Casi al final de la tanda, salgo de la C3 muy rápido, a mitad de la recta que une la C3 y la C4 me pego al culo de otro kart, me digo, en la frenada de la C4 lo adelanto, cuando este frena inesperadamente pronto antes de la C3 (punto marcada con una x en el dibujo), intento esquivarlo con un bandazo a izquierdas, pero era tarde, mi rueda delantera derecha, chocó contra su trasera, intenté girar para meter el coche en la pista pero no respondía, piedras, césped y polvo volaban a mi alrededor, paré en sembrado (marcado con circulo en el dibujo) y pronto pude ver como la rueda delantera derecha miraba pà Cuenta, se había roto algo de la dirección. En ese momento se apoderó de mi una sensación de rabia e impotencia, ¡mierda, tenía que haber estado más atento!, ¡la culpa era mía!, seguro que el otro kart estaba calentando ruedas y por eso había frenado tan pronto. Me alegró ver que al otro coche no le había pasado nada.
Con las orejas gachas, acerco el coche al taller del circuito.
Tras mirar que se había roto, veo que simplemente es la rótula que une la columna de la dirección con las barras de dirección. Compro la pieza, la instalo, alinéo la dirección un poco a ojo, y una hora mas tarde estoy listo para rodar de nuevo.

Salgo a la pista con prudencia, doy unas vueltas calentando y viendo si todo está en su sitio, parece que todo está perfecto, ¡CAÑA!.
En esta tanda encuentro karts muy rápidos y veo como alguno me adelanta en la C6, observando horrorizado que pasan esa curva sin soltar el gas y sin derrapar ni un centímetro, ¡necesito mas agarre en el eje trasero!. En la zona lenta me defiendo bien pero en la rápida es un infierno.
Tras unas cuantas tandas mas, empiezo a estar cansado y veo que el motor me pega algún tirón, lo que hace que en ese momento me adelanten con facilidad los otros karts, por lo que decido dejarlo por hoy.
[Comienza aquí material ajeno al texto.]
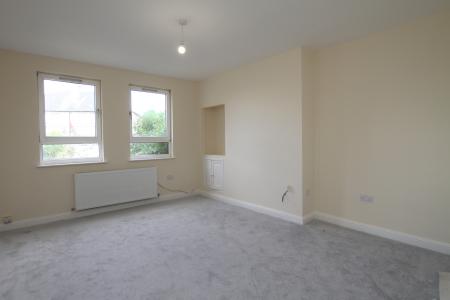 1 bedroom Flat for sale in Greenfield Street, Alloa, FK10
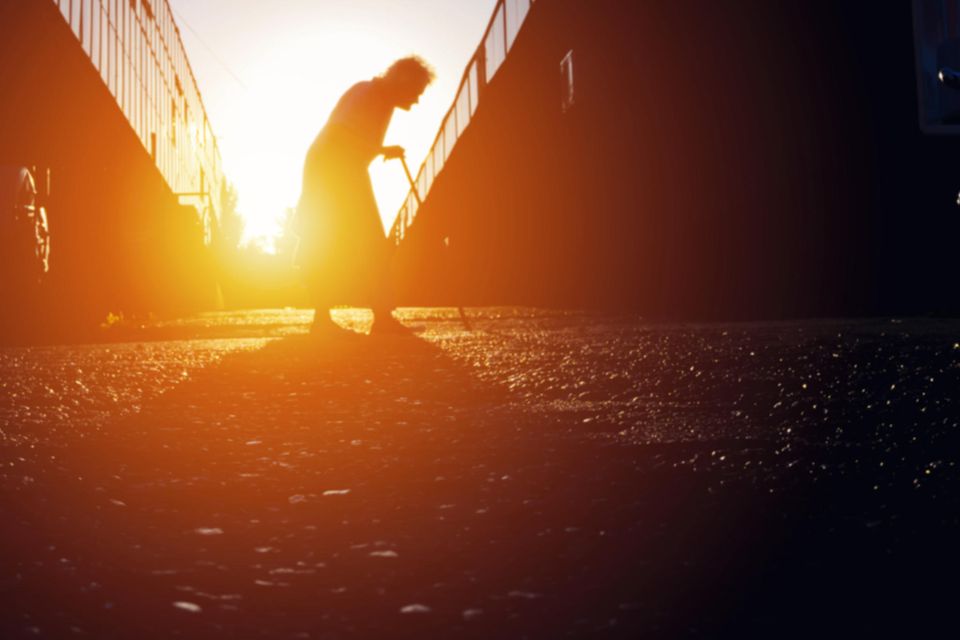 Altersarmut vermeiden: Darauf kommt es an: Senior/in im Sonnenlicht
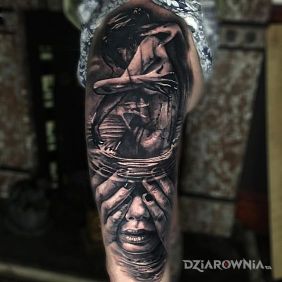 Kobieta w objęciach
Doy la última vuelta despacio y justo al entrar en boxes, noto unas vibraciones muy extrañas en el motor, ¿serán las láminas de admisión?, eso lo miramos en casa y es otra historia...
Lo cargo todo en el carro, me tomo una cocacolita mientras veo tranquilamente a los otros karts rodar y para casa.
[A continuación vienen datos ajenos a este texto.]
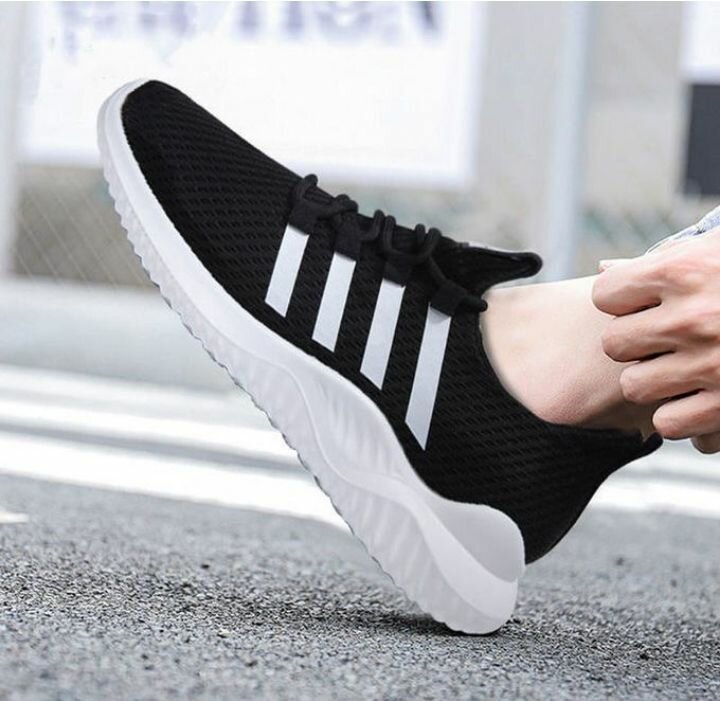 Men's sneakers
Ha sido un día duro, lo he pasado muy bien, el circuito, aunque corto y ratonero, es muy entretenido y tiene mucho tráfico, lo que hace que sea necesario estar concentrado todo el rato. Las conclusiones son que para la próxima vez, tengo que conseguir más agarre en el eje trasero y poner un desarrollo mucho más corto que el 10x89 que he probado hoy.